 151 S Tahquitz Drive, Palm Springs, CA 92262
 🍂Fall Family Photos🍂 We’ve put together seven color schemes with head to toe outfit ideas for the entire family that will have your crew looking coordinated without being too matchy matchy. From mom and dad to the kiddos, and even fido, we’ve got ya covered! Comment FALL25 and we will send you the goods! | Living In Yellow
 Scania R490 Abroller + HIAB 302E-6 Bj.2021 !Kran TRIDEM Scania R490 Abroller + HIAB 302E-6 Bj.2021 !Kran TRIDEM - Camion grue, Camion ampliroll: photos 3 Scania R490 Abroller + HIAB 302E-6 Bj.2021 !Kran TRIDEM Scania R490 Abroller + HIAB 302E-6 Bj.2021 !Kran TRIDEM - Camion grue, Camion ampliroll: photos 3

--

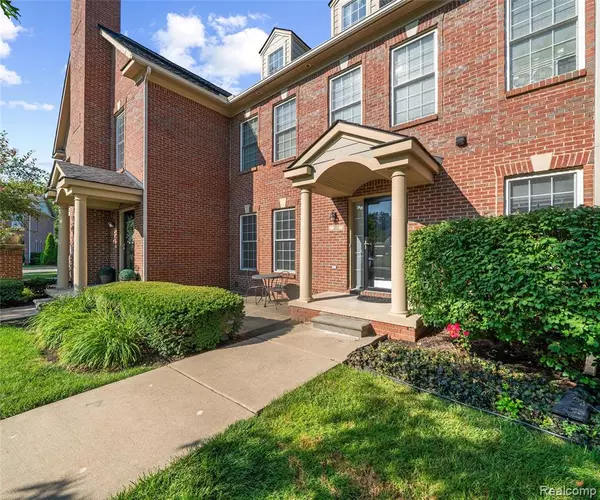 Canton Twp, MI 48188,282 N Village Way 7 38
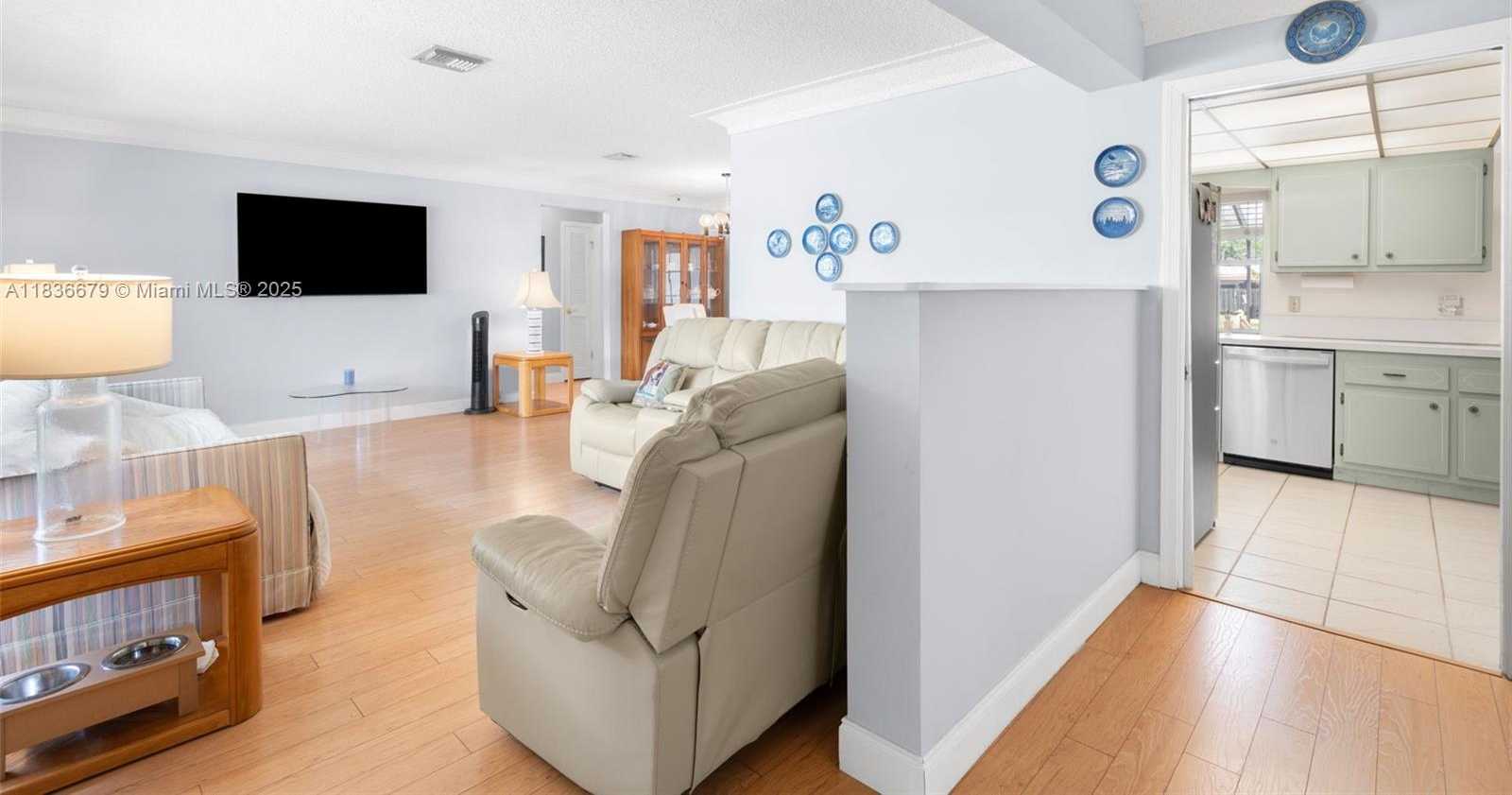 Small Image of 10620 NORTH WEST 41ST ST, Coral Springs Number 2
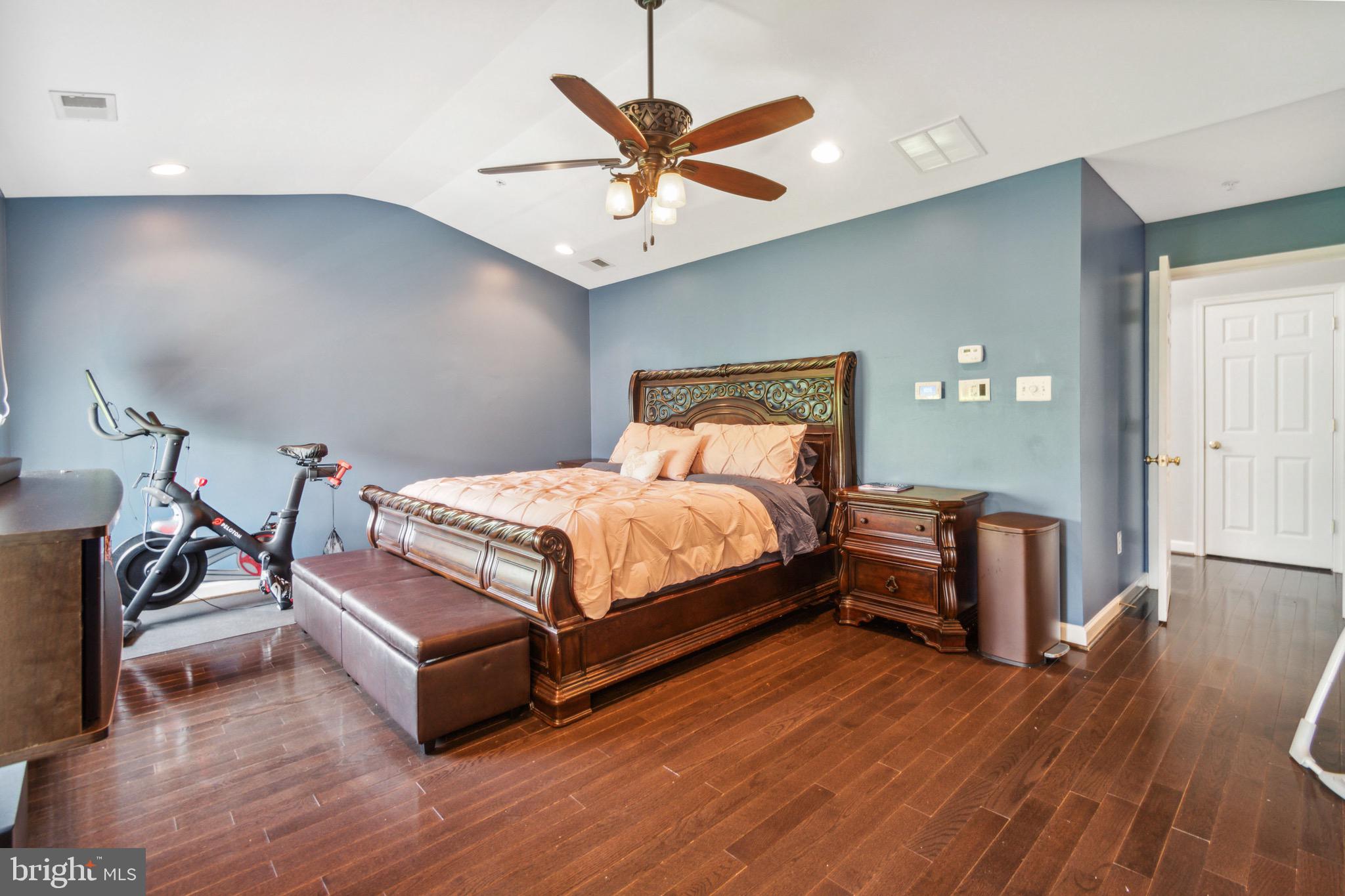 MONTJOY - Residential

==

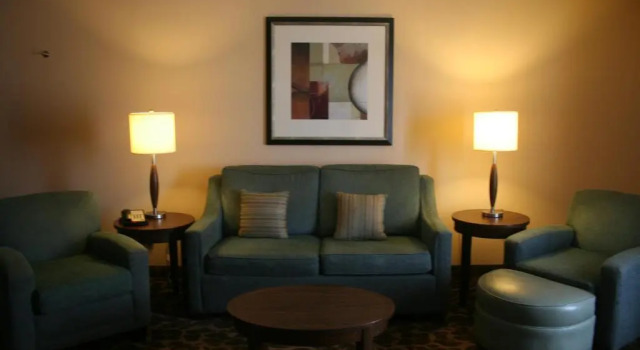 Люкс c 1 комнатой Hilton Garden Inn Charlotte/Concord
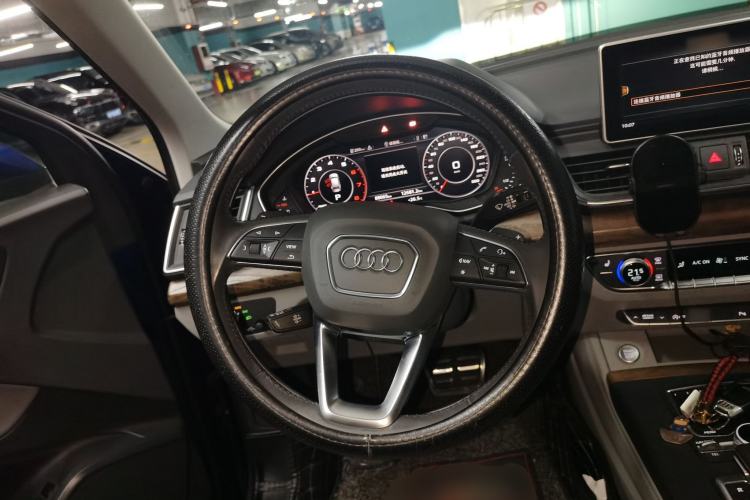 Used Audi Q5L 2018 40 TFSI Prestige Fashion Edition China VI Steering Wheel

- [Directions for this task]: Each line from the one that contains "Small Image of" down to the one that contains "MONTJOY - Residential" is to be returned exactly as it stands above, both ends included, with pictures removed.

- [Written solution]:
 Small Image of 10620 NORTH WEST 41ST ST, Coral Springs Number 2
 MONTJOY - Residential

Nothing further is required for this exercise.